Actually, any halfway decent firewall allows you to permit certain ICMP type codes while rejecting others. Not a perfect solution, but, for the most part, there aren't a lot of fragmentation-needed exploits running around. (In fact, I'm hard pressed to imagine how a Frag needed packet for an invalid session could do much of anything). Owen --On Wednesday, December 3, 2003 5:12 PM -0500 Sean Donelan <sean@donelan.com> wrote:
You could drop ICMP packets at your firewall if the firewalls properly implemented stateful inspection of ICMP packets. The problem is few firewalls include ICMP responses in their statefull analysis. So you are left with two bad choices, permit "all" ICMP packets or deny "all" ICMP packets.

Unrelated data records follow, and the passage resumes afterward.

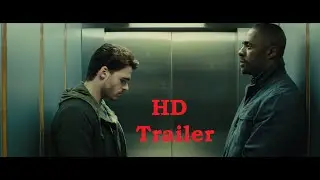 Bastille Day Official Trailer #1 2016 HD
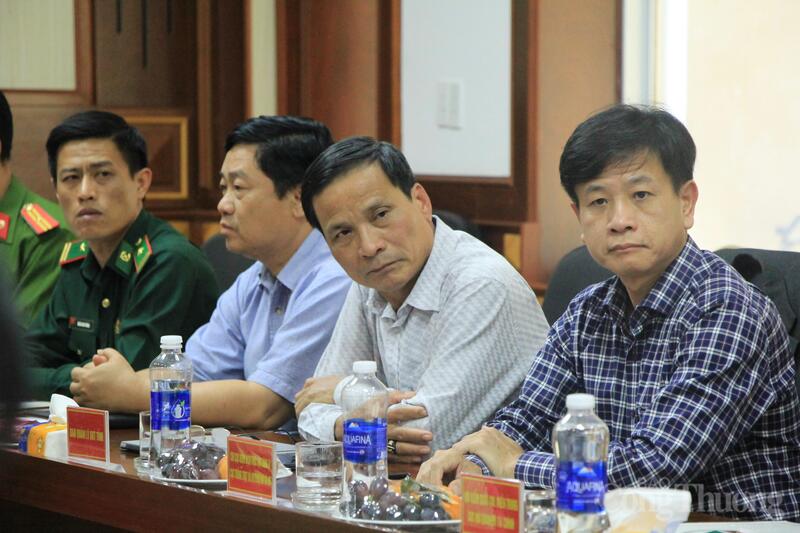 Siết chặt kiểm soát, ngăn buôn lậu tại Cửa khẩu quốc tế Lệ Thanh - 5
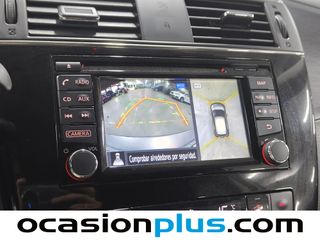 Nissan Pulsar 1.2 DIG-T Tekna 85 kW (115 CV)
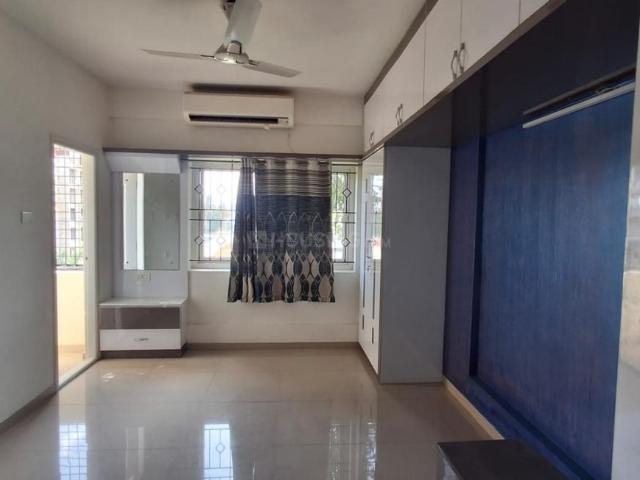 4 BHK Villa in Sarjapur for rent Bengaluru. The reference number is 21376822
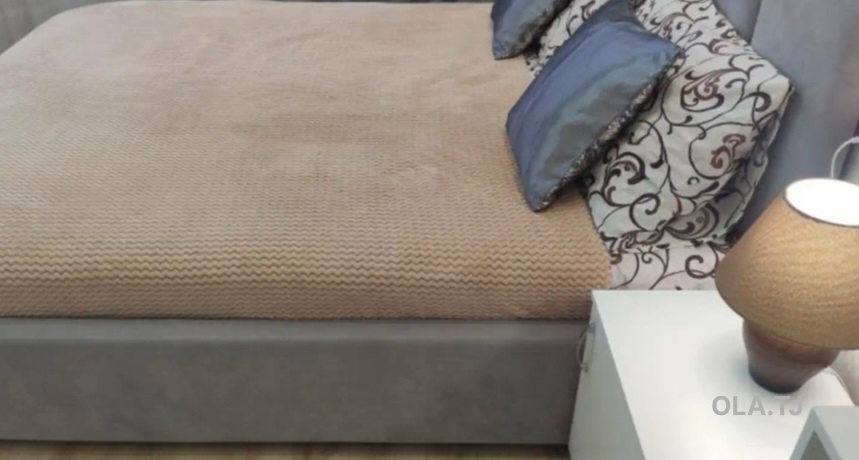 2 комнатная квартира, 9 этаж, 100 м²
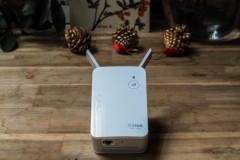 Đánh giá thiết bị mở rộng sóng Wi-Fi: D-Link DAP-1620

-- If it wasn't crypto-signed, it probably didn't come from me.
On Wed, 03 Dec 2003 15:57:37 PST, Owen DeLong <owen@delong.com> said:
around. (In fact, I'm hard pressed to imagine how a Frag needed packet for an invalid session could do much of anything).

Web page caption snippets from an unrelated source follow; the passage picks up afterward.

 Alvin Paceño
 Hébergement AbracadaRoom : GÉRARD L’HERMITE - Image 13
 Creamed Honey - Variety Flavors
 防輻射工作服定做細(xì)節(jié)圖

You can use a forged 'frag needed' to stomp an existing connection of the victim's down to 64 byte MTU or similar silliness, but other than sheer "it's a packet" DDoS effects, I can't think of a malicious use for one for an invalid session either....
--On Wednesday, December 3, 2003 10:53 PM -0500 Valdis.Kletnieks@vt.edu wrote:
On Wed, 03 Dec 2003 15:57:37 PST, Owen DeLong <owen@delong.com> said:
around. (In fact, I'm hard pressed to imagine how a Frag needed packet for an invalid session could do much of anything).
You can use a forged 'frag needed' to stomp an existing connection of the victim's down to 64 byte MTU or similar silliness, but other than sheer "it's a packet" DDoS effects, I can't think of a malicious use for one for an invalid session either....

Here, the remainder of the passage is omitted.